Eren, on the other hand, is anything but. He’s a soldier at heart– confident, aware of his responsibilities, and committed to the highest ideals set forth in the Treaty of Phoenix. Guardians like Eren are a combination of the police and the military. Eren rarely questions his duty because he believes that the rest of the force wants the same thing he does: equality, safety, and peace. He’s very nearly right.
He’s also smart. He lacks some of Isaiah’s wisdom, but he makes up for that with an ability to keep an open mind when confronted with evidence that not everything is as hunky-dory as it should be.
They say all books of fiction have pivotal points where the reader just can’t put the book down. What’s one of the pivotal points in The Ark?
Laura: I’d like to think it happens early on. Probably when Char decides she might not be as tough as she thought she was, and that maybe she doesn’t want to die in the meteor after all. She really does want to be forgiven.

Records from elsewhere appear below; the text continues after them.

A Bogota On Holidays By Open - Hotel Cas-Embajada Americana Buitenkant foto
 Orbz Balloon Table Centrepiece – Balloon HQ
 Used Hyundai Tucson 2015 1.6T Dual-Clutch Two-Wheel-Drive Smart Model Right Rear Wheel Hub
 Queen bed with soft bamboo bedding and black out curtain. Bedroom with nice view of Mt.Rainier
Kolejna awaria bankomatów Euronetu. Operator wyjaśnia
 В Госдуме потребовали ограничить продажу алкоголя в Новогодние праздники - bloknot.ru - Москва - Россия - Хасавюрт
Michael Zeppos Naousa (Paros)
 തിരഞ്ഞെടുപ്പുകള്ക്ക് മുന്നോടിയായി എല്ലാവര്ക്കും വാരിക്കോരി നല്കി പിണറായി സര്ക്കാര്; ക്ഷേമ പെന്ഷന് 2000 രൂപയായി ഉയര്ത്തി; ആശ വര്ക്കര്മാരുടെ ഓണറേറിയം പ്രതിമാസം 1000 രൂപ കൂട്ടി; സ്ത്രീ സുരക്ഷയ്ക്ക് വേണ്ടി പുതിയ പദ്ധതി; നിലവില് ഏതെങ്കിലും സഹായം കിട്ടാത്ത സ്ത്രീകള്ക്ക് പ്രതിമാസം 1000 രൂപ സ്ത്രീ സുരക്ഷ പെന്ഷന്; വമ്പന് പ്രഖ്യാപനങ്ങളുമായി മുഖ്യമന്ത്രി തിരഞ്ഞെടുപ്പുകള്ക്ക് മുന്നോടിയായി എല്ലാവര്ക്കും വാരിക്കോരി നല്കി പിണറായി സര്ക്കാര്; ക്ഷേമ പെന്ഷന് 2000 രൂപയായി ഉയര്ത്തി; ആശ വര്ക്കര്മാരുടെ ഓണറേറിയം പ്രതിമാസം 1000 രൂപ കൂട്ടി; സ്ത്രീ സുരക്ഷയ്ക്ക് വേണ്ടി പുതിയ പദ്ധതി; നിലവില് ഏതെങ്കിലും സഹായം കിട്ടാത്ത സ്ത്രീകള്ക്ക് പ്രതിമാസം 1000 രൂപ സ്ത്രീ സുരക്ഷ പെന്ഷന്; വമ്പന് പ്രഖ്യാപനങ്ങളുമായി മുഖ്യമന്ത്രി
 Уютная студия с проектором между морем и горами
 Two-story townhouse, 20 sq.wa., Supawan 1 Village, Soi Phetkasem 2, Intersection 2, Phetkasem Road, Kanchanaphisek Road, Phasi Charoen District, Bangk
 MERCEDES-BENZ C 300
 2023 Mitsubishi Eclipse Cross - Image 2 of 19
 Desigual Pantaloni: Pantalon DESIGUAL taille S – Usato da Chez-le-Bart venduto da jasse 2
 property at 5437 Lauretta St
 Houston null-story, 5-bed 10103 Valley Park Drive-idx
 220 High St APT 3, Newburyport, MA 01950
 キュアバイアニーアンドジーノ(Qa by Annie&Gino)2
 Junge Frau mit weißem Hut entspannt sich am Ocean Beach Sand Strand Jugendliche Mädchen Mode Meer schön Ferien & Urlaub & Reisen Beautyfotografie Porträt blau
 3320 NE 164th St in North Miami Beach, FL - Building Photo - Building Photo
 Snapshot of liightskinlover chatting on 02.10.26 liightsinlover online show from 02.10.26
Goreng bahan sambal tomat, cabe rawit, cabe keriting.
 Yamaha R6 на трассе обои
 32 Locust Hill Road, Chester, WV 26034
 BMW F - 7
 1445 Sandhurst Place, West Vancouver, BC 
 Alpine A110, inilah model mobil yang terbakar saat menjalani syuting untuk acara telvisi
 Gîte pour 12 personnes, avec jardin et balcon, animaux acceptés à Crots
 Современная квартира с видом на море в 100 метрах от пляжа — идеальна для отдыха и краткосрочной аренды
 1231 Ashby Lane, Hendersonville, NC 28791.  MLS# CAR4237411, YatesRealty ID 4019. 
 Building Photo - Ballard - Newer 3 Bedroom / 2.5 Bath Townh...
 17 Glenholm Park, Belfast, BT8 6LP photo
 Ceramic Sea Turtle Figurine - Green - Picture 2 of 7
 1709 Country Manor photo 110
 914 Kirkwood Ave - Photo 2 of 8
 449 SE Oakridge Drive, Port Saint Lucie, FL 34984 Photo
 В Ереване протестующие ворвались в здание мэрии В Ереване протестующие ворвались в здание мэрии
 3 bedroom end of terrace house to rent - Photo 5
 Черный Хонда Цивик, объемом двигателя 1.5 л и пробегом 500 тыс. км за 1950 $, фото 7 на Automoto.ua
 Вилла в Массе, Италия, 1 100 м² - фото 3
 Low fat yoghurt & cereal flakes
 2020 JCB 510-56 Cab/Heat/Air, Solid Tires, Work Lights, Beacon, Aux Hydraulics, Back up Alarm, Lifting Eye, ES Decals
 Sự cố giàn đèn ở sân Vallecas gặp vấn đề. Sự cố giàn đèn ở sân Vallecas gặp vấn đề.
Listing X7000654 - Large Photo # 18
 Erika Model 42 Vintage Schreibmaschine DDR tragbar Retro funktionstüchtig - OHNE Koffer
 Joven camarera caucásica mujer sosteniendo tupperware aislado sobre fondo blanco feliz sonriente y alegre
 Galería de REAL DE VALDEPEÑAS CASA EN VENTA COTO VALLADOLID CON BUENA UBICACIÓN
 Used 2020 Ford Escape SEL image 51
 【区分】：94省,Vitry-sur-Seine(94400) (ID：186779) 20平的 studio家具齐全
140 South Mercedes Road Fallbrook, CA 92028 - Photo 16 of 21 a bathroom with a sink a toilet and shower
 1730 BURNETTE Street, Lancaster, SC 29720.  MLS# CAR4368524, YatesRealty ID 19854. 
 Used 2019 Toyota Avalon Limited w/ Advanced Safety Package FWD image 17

What’s next for you, Laura? More YA scifis?
Laura: The Ark is the first book in a trilogy, with the next two out in 2016 and 2017, so I’m hard at work on those! My goal right now is to make this the most exciting, satisfying story it can be. After that, I’ve got another project I’m excited to get back to- it’s a surreal, action/adventure fantasy tale, and it’s going to be a lot of fun.
What would you like to say to your readers and fans?
Laura: THANK YOU! I am thrilled you gave my story a shot. As of now, I’ve been able to keep up with most of the reviews, and I’ve really appreciated hearing what people think about The Ark. I feel like I’ve learned so much, and I’m hitting my stride in the next book, so I hope you’ll stick around.